Watching the Speeches With the Kid Who Would be President

Last night, I watched the main speeches from the comfortable confines of the McColl Center for Visual Art. It was a viewing party held by The Atlantic and National Journal magazines. Truthfully, the plan was to start there and then head to the arena in time for Elizabeth Warren and Bill Clinton's speeches, but once Twitter told me that access was becoming limited to the arena, I settled in.

Glad I did. It was a small room, with a big screen on a stage, a few round tables in the front, and a bar and high-top tables in the back. The cool kids (i.e. various magazine staffers. Or at least, based on the chunky glasses, they looked like magazine staffers) hung in back. Exciteable Democrats occupied the tables. I sat front and center, next to Catherine Looper, fifty, and Brady Manning, twenty-one, of New Hampshire. Catherine's son is a page with the New Hampshire delegation. Brady's dad is a delegate. Brady was in the arena the first night, but opted for a more relaxed environment for Wednesday night.
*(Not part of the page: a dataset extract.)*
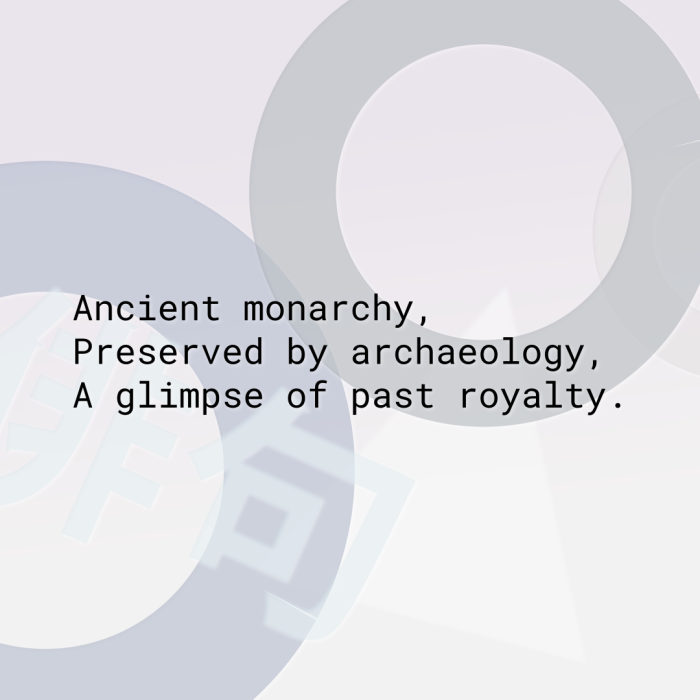 Ancient monarchy, Preserved by archaeology, A glimpse of past royalty.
Within a few minutes of meeting Brady, he told me, earnestly, that he planned to run for "the big job" one day.

"You mean President," I asked?

"That's the plan."

I asked him why. "Because there are a lot of big problems in this country that need fixing."

Pause.

"And I'm tired of politicians who are only looking out for themselves and not for the people."

Pause.

"And there are a lot of them."

Brady is a senior in college in Dublin, Ireland. ("Global perspective," he said.) He plans to go to law school in the states. So he's not some tween who dreams of being president one day. He's at the point in his life where he's making actual career goals. And his career goal is to run for, or be, President of the United States. Don't meet a whole lot of twenty-one-year-olds with that stated career goal.

Kid knew his stuff. He provided insightful, if partisan, commentary throughout the night. He compared the Charlotte convention to the 2008 convention in Denver, which he attended as a page (seemed a little more chaotic on the floor here, he said). His favorite president is Teddy Roosevelt.

But it's clear that Bill Clinton is on the short list. He and Catherine were transfixed by Clinton's speech. While the cool kids played it, well, cool, and other tables watched quietly, clapping once in a while, Brady and Catherine, cheered, laughed, and applauded at all the right places. Their enthusiasm was heightened by the fact that one of CNN's cameramen appeared to have been stationed directly in front of the New Hampshire delegation. Almost, if not all, of New Hampshire's 34 delegates got significant airtime during Clinton's speech. Brady and Catherine knew each and every one of them. "He fixed my glasses yesterday! Catherine shouted gleefully. "I smoked cigars with her outside the hotel!" "Alejandro!"

Brady kept count of the number of times CNN showed the New Hampshire delegation. Eventually, he had to start using his phone to keep track. Twenty, twenty-one, twenty-two.

Finally, near the end, they showed Brady's dad. You could see the pride on Brady's face. Catherine gestured exictedly at the screen.

But still, Michael, Catherine's son, the page, had not made an appearance. We joked that he would be the encore.

Clinton, wrapped up, finally. The camera panned around the floor, showing the crowd chanting "Four more years!" Suddenly, just before cutting away for analysis by the talking heads, the screen filled with the image of a teenage boy in a yellow shirt festooned with buttons. He was chanting and pumping his fist. Michael Looper.

Catherine was beside herself. Brady was happy too, and he couldn't wait to go meet up with his dad. I snapped a cell phone pic, and they headed out.